Then Jesus said to His disciples, "If anyone desires to come after Me,

let him deny himself, and take up his

cross, and follow Me.

For whoever desires to save his life will lose it,

but whoever loses his life

for My sake will find it.

For what profit is it to a man if he gains the whole world, and loses his own soul? Or what will a man give in exchange for his soul?

(Mat 16:24-26)

Adjunct Scripture: John 12:20-25 Jeremiah 39 and 39

In my latest journey through the Old Testament, I found myself gripped by a simple story of a shadowy character, briefly mentioned by the Prophet Jeremiah in the chronicle of the sad final days before the Babylonian Captivity.

The shadowy character was a foreigner named Ebed-Melech, the slave of King Zedekiah during those terrible trying days as the Babylonian war machine approached. Ebed-Melech was an Ethiopian eunuch.

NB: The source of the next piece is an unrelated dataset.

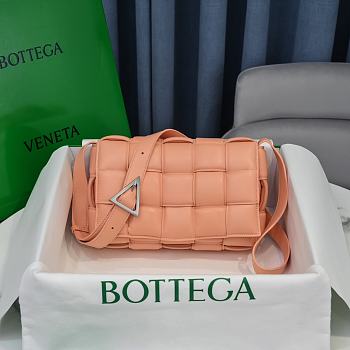 Fortok Bottega Veneta Cassette Padded Bag Salmon 26x18x8cm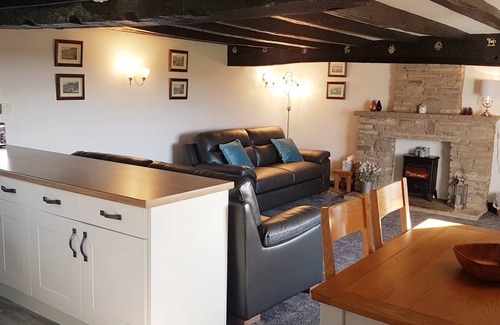Scawton Cottage | Cabin ∙ 2 bedrooms ∙ 4 guests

We don’t know a lot about him, but what we are shown is an amazing and instructive picture. It gripped my heart and I found tears in his story. I have returned to Jeremiah’s brief telling of his story again and again, and I find myself challenged by it to emulate this otherwise very common man who lives among very uncommon heroes of faith in the hall of Holy History.

Ebed-Melech had likely been captured, perhaps as a very young man as a spoil of war or in some political exchange. He had been castrated, forever branding him as an enslaved one. He had no chance to marry, raise a family or build a business. Ebed-Melech’s future had been decided by an ancient and barbaric practice, his hopes and dreams had been subjugated to the desires and whims of the royal class. He was bought, sold, traded and bartered like cattle. Eunuchs were considered to be “safe” from political ambition because they could not father children, and were often used as personal servants of the king. They were considered expendable because they had no family ties or history, and could be killed and replaced with no problem.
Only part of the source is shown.